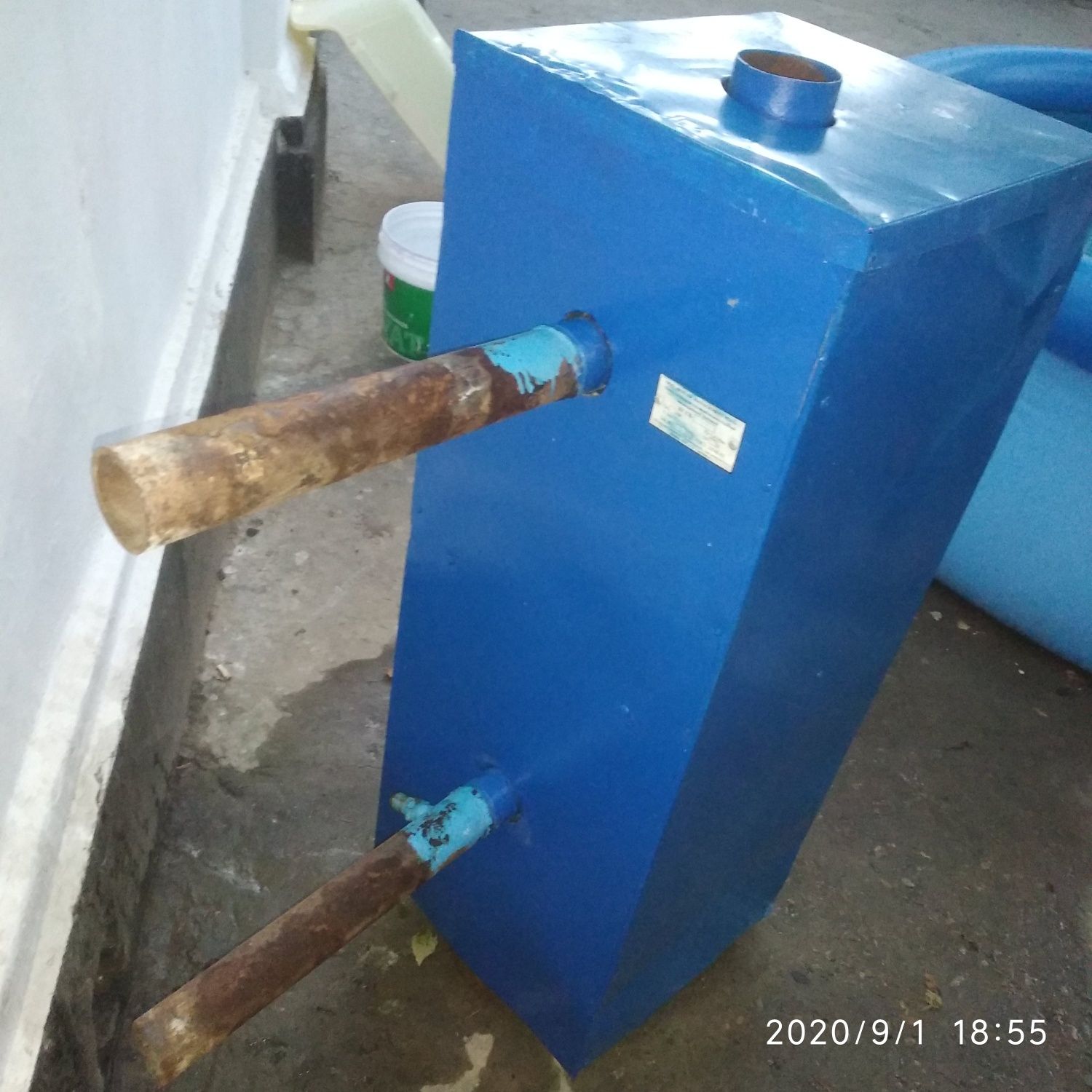 Котел газовый рабочий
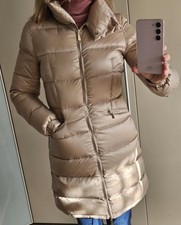 piumino donna lungo  NUOVO con ETICHETTA, LIU JO REBEL QUEEN colore BEIGE TG 42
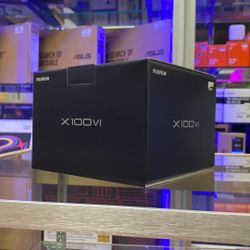 Fujifilm X100VI (Black) 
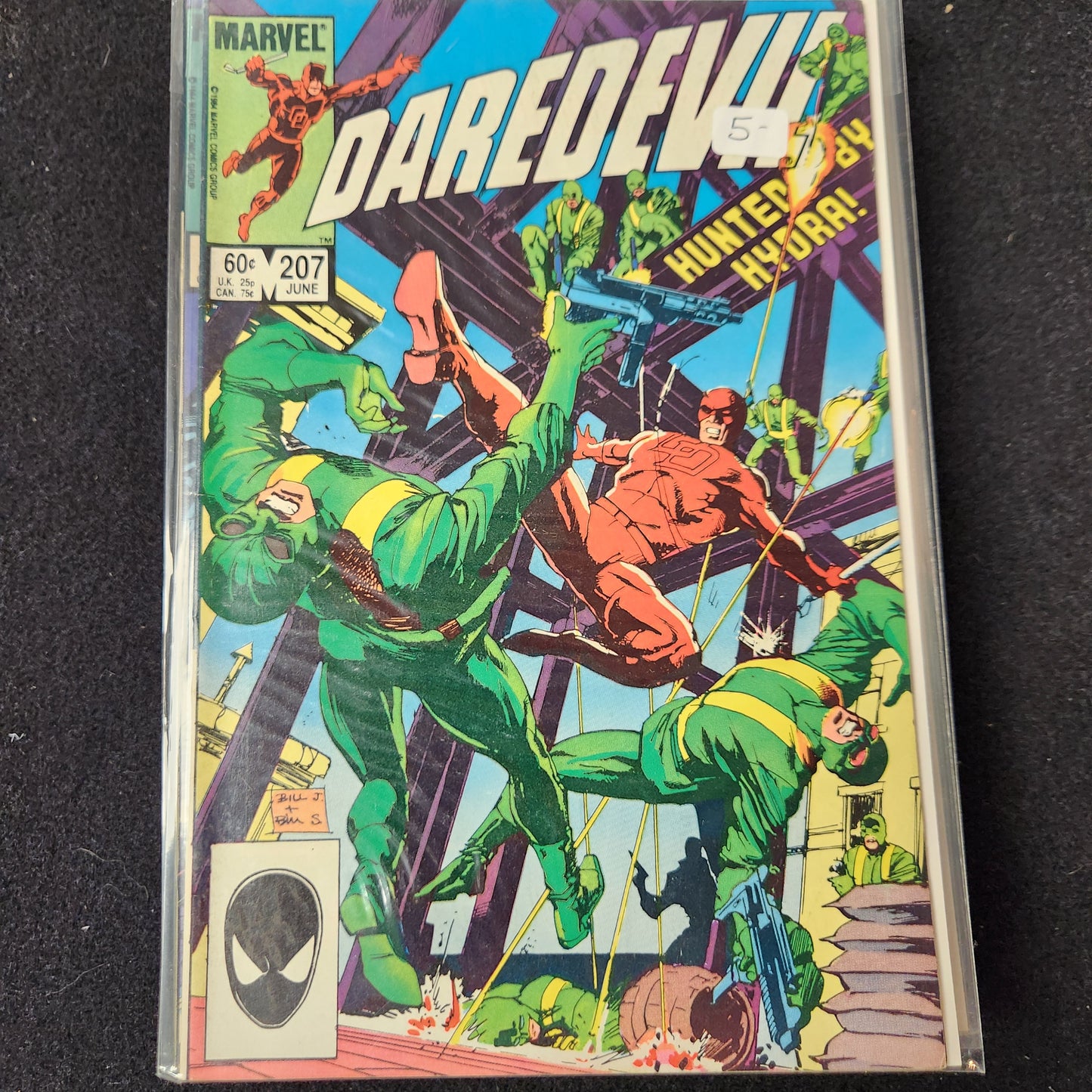 100.121 – #207 - Daredevil -1964-98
========================
Aim of the exercise >>
Once the pictures are set aside, retype the rest of the listing exactly.

Result for this task >>
 Котел газовый рабочий
 piumino donna lungo  NUOVO con ETICHETTA, LIU JO REBEL QUEEN colore BEIGE TG 42
 Fujifilm X100VI (Black) 
 100.121 – #207 - Daredevil -1964-98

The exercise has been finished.